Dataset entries
▼
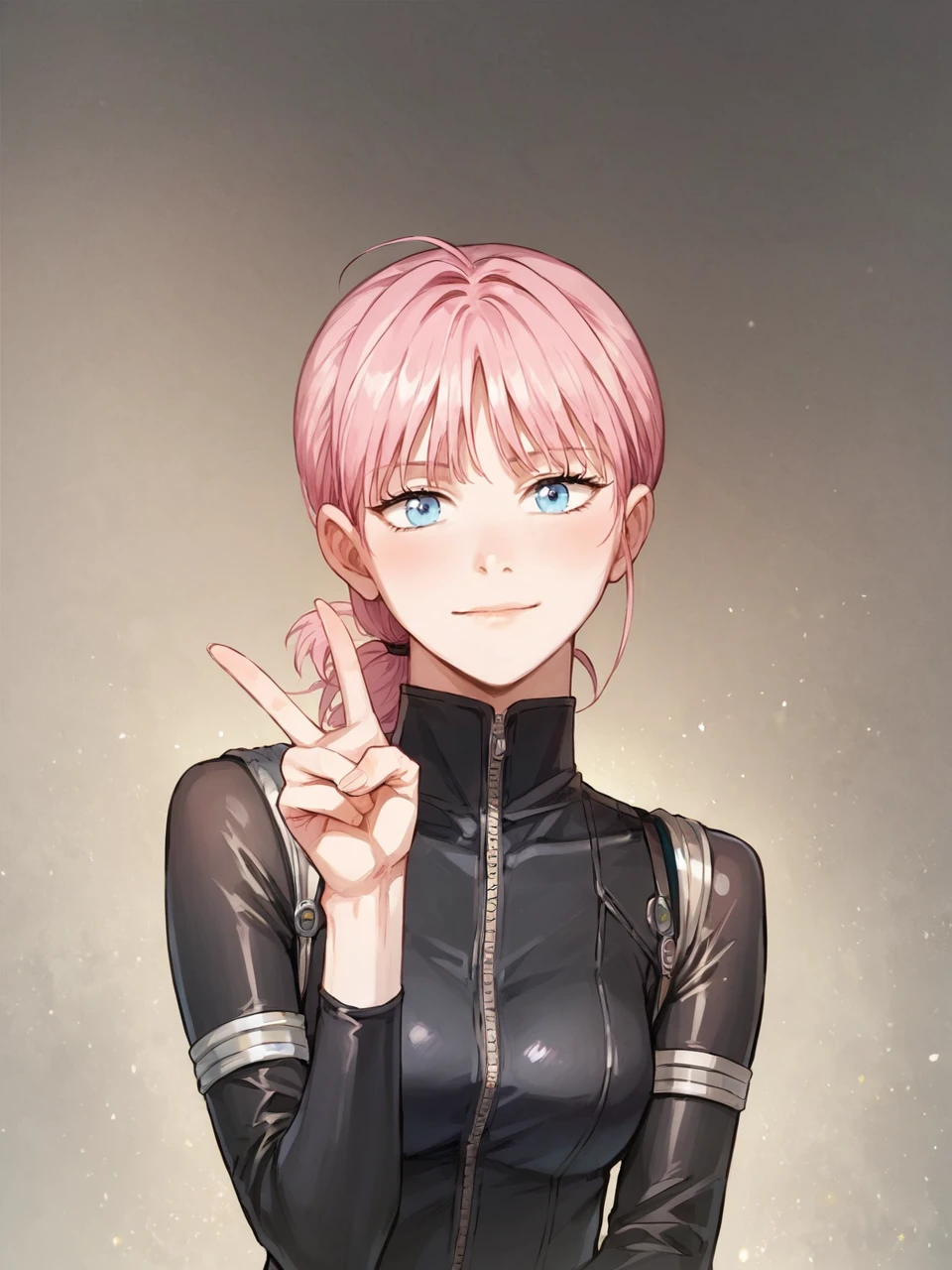 score_9, score_8_up, score_7_up,masterpiece, high quality, best quality,uncensored,perfect face,perfect eyes,detailed face,2d,anime,
rosica drax, pink hair, blue eyes,tied hair,
black bodysuit,
(V-sign),
 <lora:Rosica_Drax_V1:1>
▲
TASK STATEMENT
All of the records need to be reproduced exactly, with each picture omitted.

FINISHED EXERCISE
 score_9, score_8_up, score_7_up,masterpiece, high quality, best quality,uncensored,perfect face,perfect eyes,detailed face,2d,anime,
rosica drax, pink hair, blue eyes,tied hair,
black bodysuit,
(V-sign),
 <lora:Rosica_Drax_V1:1>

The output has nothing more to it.